However, we must satisfy the domain constraint: $x^3 – 8 \neq 0 \Rightarrow x \neq 2$.
Therefore, $x = 2$ is an extraneous solution.
The only valid solution is:
\[
S = \{ 5 \}
\]
\(\textbf{Correct Answer: E} \)
QUESTION 7
What is the product of the roots of the equation?
\[
\frac{x + 1}{x – 2} – \frac{1}{x + 3} = \frac{9}{x^2 + x – 6}
\]
\[
\text{A) } -2 \quad
\text{B) } -3 \quad
\text{C) } -4 \quad
\text{D) } -5 \quad
\text{E) } -6
\]
Solution:
Factor the denominator on the right side: $x^2 + x – 6 = (x – 2)(x + 3)$.
Move all terms to the left side and combine under the common denominator:
\[
\frac{(x + 1)(x + 3) – 1(x – 2) – 9}{(x – 2)(x + 3)} = 0
\]
\[
\Rightarrow \frac{(x^2 + 4x + 3) – x + 2 – 9}{(x – 2)(x + 3)} = 0
\]
\[
\Rightarrow \frac{x^2 + 3x – 4}{(x – 2)(x + 3)} = 0
\]
Factor the new numerator:
\[
\frac{(x – 1)(x + 4)}{(x – 2)(x + 3)} = 0
\]
This yields candidate roots of $x = 1$ and $x = -4$. Neither value makes the denominator zero ($x \neq 2, x \neq -3$).
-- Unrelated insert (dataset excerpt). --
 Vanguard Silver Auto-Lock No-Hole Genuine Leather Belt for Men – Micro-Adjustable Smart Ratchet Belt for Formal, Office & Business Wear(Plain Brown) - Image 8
Thus, the product of the roots is:
\[
x_1 \cdot x_2 = 1 \cdot (-4) = -4
\]
\(\textbf{Correct Answer: C} \)
2)Equations Solvable Using Substitution (Auxiliary Variables):
Example:
Find the solution set of the equation $x^6 – 7x^3 – 8 = 0$.
Let $x^3 = t$. Substituting this into the equation transforms it into a quadratic:
\[
t^2 – 7t – 8 = 0 \Rightarrow (t – 8)(t + 1) = 0
\]
Substitute back $t = x^3$:
\[
(x^3 – 8)(x^3 + 1) = 0
\]
\[
\Rightarrow (x – 2)(x^2 + 2x + 4)(x + 1)(x^2 – x + 1) = 0
\]
For real roots, the quadratic terms $x^2 + 2x + 4 = 0$ and $x^2 – x + 1 = 0$ have a negative discriminant ($\Delta < 0$) and yield no real solutions.
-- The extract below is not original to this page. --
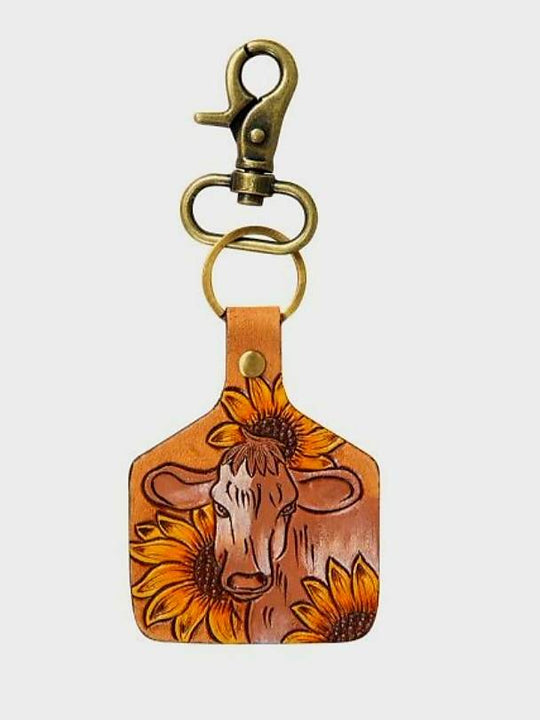Key Ring -  Moo Ear Tag Style Leather Charm or Key Ring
Hence, the only real solutions come from:
\[
x – 2 = 0 \Rightarrow x_1 = 2 \quad \text{or} \quad x + 1 = 0 \Rightarrow x_2 = -1
\]
The real solution set is:
\[
S = \{ -1, 2 \}
\]
Example:
Find the solution set of the equation $2x + \sqrt{x} – 6 = 0$.
Let $\sqrt{x} = t$ (where $t \geq 0$). Then $x = t^2$:
\[
2t^2 + t – 6 = 0 \Rightarrow (2t – 3)(t + 2) = 0
\]
\[
\Rightarrow t = \frac{3}{2} \quad \text{or} \quad t = -2
\]
Substitute back $t = \sqrt{x}$:
\[
\sqrt{x} = \frac{3}{2} \Rightarrow x = \frac{9}{4}
\]
\[
\sqrt{x} = -2 \Rightarrow \text{No real solution (the principal square root cannot be negative)}
\]
The final solution set is:
\[
S = \left\{ \frac{9}{4} \right\}
\]
QUESTION 8
Which of the following is one of the roots of the equation?
\[ 4^{(x^2)} – 15 \cdot 2^{(x^2)} – 16 = 0 \]
\[
\text{A) } 2 \quad
\text{B) } 3 \quad
\text{C) } 4 \quad
\text{D) } 5 \quad
\text{E) } 6
\]
Solution:
Rewrite the first term as $4^{(x^2)} = (2^2)^{(x^2)} = (2^{(x^2)})^2$.
Let $2^{(x^2)} = t$ (where $t > 0$). The equation becomes:
\[
t^2 – 15t – 16 = 0 \Rightarrow (t – 16)(t + 1) = 0
\]
\[
\Rightarrow t = 16 \quad \text{or} \quad t = -1
\]
Since $t = 2^{(x^2)}$ must be strictly positive, $t = -1$ is impossible.
Set $t = 16$:
\[
2^{(x^2)} = 16 \Rightarrow 2^{(x^2)} = 2^4
\]
\[
\Rightarrow x^2 = 4 \Rightarrow x = 2 \quad \text{or} \quad x = -2
\]
Option A contains the root $2$.
\(\textbf{Correct Answer: A} \)
QUESTION 9
What is the solution set of the equation ?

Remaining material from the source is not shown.